Pour the cream and milk into a small nonreactive saucepan with the sugar and heat over low heat, stirring occasionally, until the sugar has dissolved.
Warm the yolks with a couple of ladles of warm cream mixture and pour back into the saucepan with the remaining warm cream and milk.
Heat over low heat until slightly thickened (see here). Strain into the pineapple purée. Add a few drops of vanilla, stir gently to mix, and chill overnight.
Freeze according to the directions of your ice-cream maker.
On its own or paired with Pineapple Ice Cream, this sorbet will surprise you. (Reserve the core, peel, and top to make homemade pineapple vinegar. Steep with a handful of organic sugar and a few gallons of water for three months in a clear glass jar covered with cheesecloth under the hot summer sun.)
pineapple sorbet MAKES ABOUT 1 QUART (1 LITER)
PAINAPPURU SHABETTO
2 small ripe organic pineapples (about 2½ pounds/1 kg or so)
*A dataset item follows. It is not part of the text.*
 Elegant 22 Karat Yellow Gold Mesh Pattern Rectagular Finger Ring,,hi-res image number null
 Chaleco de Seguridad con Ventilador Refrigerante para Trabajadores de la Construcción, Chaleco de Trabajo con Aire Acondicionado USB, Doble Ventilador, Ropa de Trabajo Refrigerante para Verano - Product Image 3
½ cup (100 g) organic granulated sugar
Kirsch (optional)
Cut the tops off the pineapples and slice off the peel with a sharp knife. Pare out the eyes with the tip of the knife. Stand the pineapples upright on a cutting board and quarter vertically. Lay each quarter wedge down on the board and slice off the hard center core. Cut the pineapples into large chunks and purée in a food processor or blender. There should be about 3 cups (750 cc); if not, adjust the sugar (1 cup/250 cc pineapple purée : 3 tablespoons/45 g sugar).
Heat the sugar with ¾ cup of the pineapple purée in a heavy-bottomed nonreactive saucepan, stirring over low heat to dissolve. Fold into the unheated pineapple purée and stir in a couple of drops of kirsch, if using.
Freeze according to the directions of your ice-cream maker.
I came across a recipe for peanut brittle in David Lebovitz’s The Perfect Scoop, and especially loved that he had gotten it originally from Mary Jo Thoresen. I had intended to use that method for my sesame brittle, but not in love with corn syrup (or using thermometers), I opted for adapting David’s “croquant” method on the adjacent page. I met David at Food Blog Camp and am hooked on his quirky blog posts. He also puts out some damn good dessert cookbooks (and a laugh-out-loud memoir with recipes). Mary Jo and her husband, Curt, cooked with the Chez Panisse crew at the second Soba Dinner we staged there in 2010. I find comfort in the interconnectedness of the world of food, especially since I live on a farm in rural Japan. Through food, I am part of a larger, supportive community.
sesame brittle SERVES 12
GOMA BURITORU
1 cup (150 g) unhulled sesame seeds
1 cup (200 g) organic granulated sugar
Line a baking sheet with a piece of heavy-duty aluminum foil.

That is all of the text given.